Lemont (of the comic strip Candorville) has an unfortunate habit of accosting perfect strangers and correcting their grammar. Today he pays the price.
But the fact is, he didn't correct her grammar. He rudely and snidely objected to a well-established American idiom in fact, two idioms:
Frankly, he deserved to be beaten up. Anybody who goes around demanding that idioms make sense and pretending not to understand conventional phrases is just a jerk.
And anyway,"beat the spit out of"? What does that even mean, Lemont?
5 Comments:
"Spit" is just a bowdlerization for a similar word, except with the 8th letter of the alphabet in the second position. (It's also used as a substitute for the urinary liquid that John Nance Garner famously characterized the Vice Presidency as a warm bucket of, inter alia).

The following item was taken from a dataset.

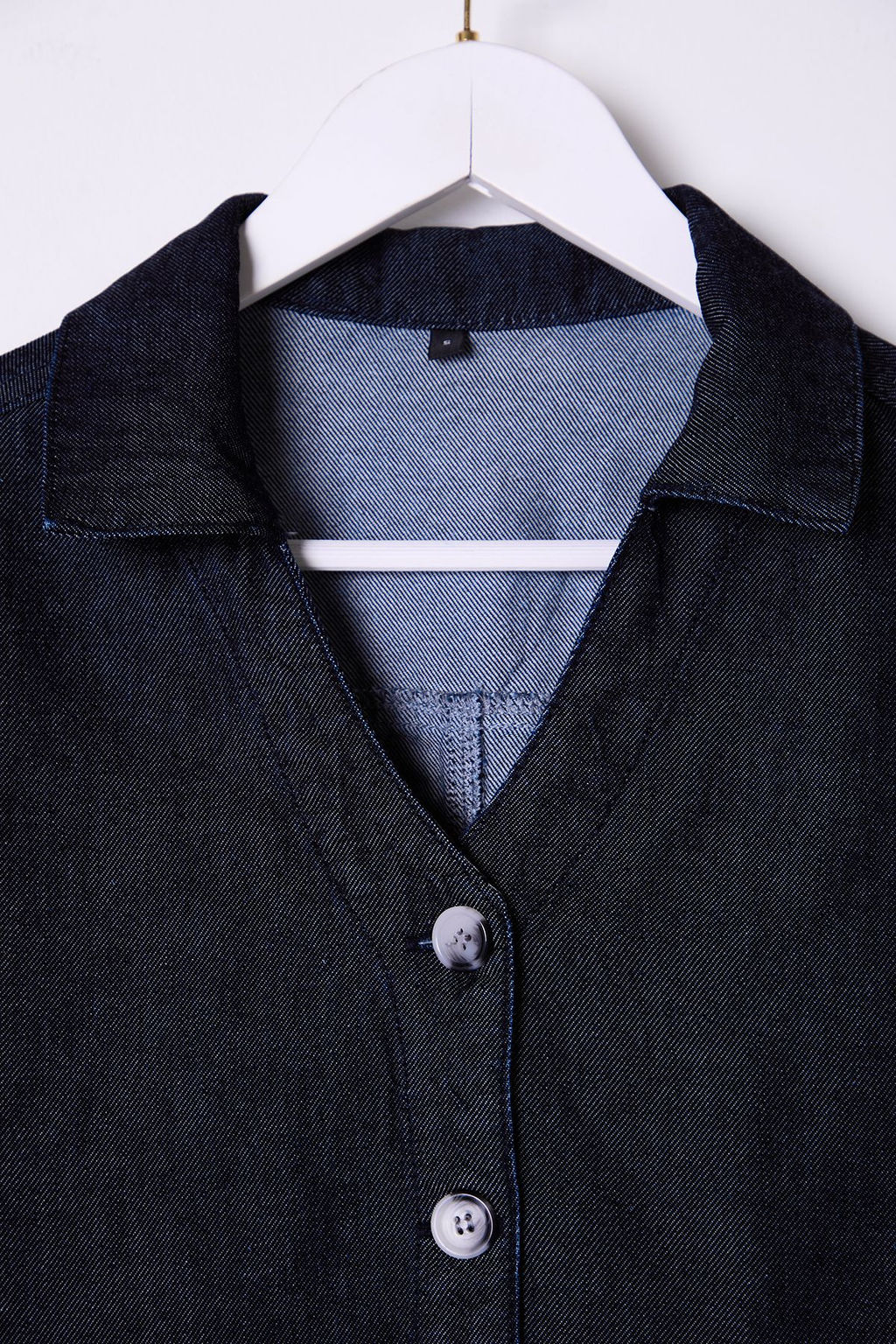 TRENDYOLMILLA Koyu Mavi %100 Tencel V Yaka Denim Gomlek TWOSS25GO00001  фото 7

So, I'm not sure if you're serious or not; of course spit is a euphemism equired by the medium. But with or without the euphemism, why does Lemont get to use that figure of speech when he walks around demanding that people not say things like "pay for it" and "so long"?
Young lady, I take my humor v-e-r-y seriously ;-)))
I had an Indian (as in from India) roommate who thought that "so long" came from an Indian expression, but I can't seem to find any reference to that, at least with a cursory search. I think I have also heard or read that it came from "salaam".
Yes, that story - that Brits brought it back from the Malay pronunciation of "salaam" - is quite common. It's unlikely, though, since it's a very American expression, and dates from about 1860. There's also a theory that it comes from Irish "slán", which is, I think, more likely.
But the bottom line is that no one knows.